A community is trying to bring awareness to an alarming number of child abuse cases lately.
April is Child Abuse Awareness Month, so we had the Northern Michigan Mobile Child Advocacy Center go through the number of cases they’re seeing locally, and they are both shocking and saddening.
Especially in Clare County.
In the past year, there were 87 cases of child abuse there.
Compared to 27 cases in Gladwin County.
The advocacy center says nearly all of those cases were child sexual abuse.
9&10’s Taylor Jones spoke to those trying to reduce those numbers.
“There was 87 the last year in Clare alone and 66 percent of those children resides in Harrison,” says Hollie Harcourt, child and family care coordinator at Northern Michigan Child Advocacy Center.
Heart-breaking numbers of child abuse cases reported in Clare and Gladwin Counties.
“Its alarming that that’s out there. I remember being in a meeting not too long ago and someone mentioned this doesn’t happen in Harrison right, and I’m like yes it does, it happens all over,” says Harcourt.
The Northern Michigan Mobile Child Advocacy Center says 97 percent of those cases are sexual abuse.
Clare county Prosecutor Michelle Ambrozaitis says just in the last month, she had 25 child sexual abuse cases sitting on her desk to be reviewed.

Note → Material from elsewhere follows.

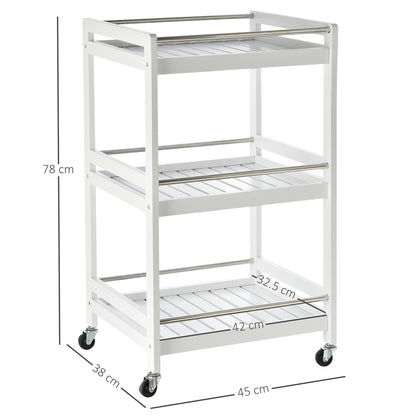 Space-Saving Kitchen Cart in Wood and Stainless Steel, with 3 Shelves and 4 360° Wheels, White, 45cm x 38cm x 78cm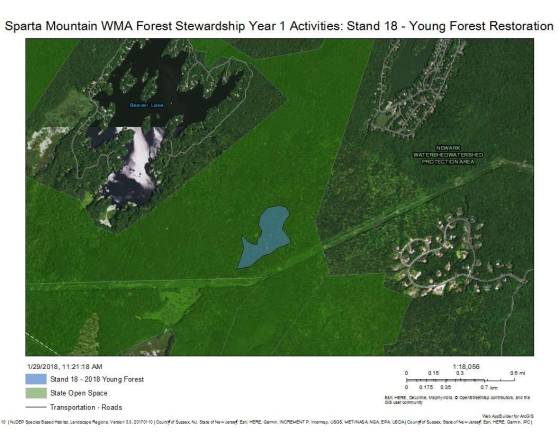 Photo courtesy of New Jersey Department of Environmental Protection Forestry work is set to begin this week within the blue area of the Sparta Mountain Wildlife Management Area in Hardyston Township.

“Most children are picked on by somebody that they know that’s a friend of the family, a lot of times we see step parents or moms boyfriends, so you need to be very careful about who you let around your children. We try to resolve the cases by way of plea to make it a more secure conviction and to ensure that the kids are not further traumatized though the court system. It’s hard on everybody, it’s difficult to read the reports to see the charges there and then when you bring the kid in and you meet them and they are such great kids and they are so brave when they come into court. The parents are often times torn to themselves, they didn’t know the abuse was going on, they missed it and they blame themselves for their children being hurt by someone else and it’s an awful process to go through,” says Ambrozaitis.
The advocacy center and community continue the effort to bring awareness to this sad truth.
“Be aware, listen to kids when they are talking. Be a listening ear, be a support, reach out for help for people if they need it and really just be aware and know it’s out here,” says Harcourt.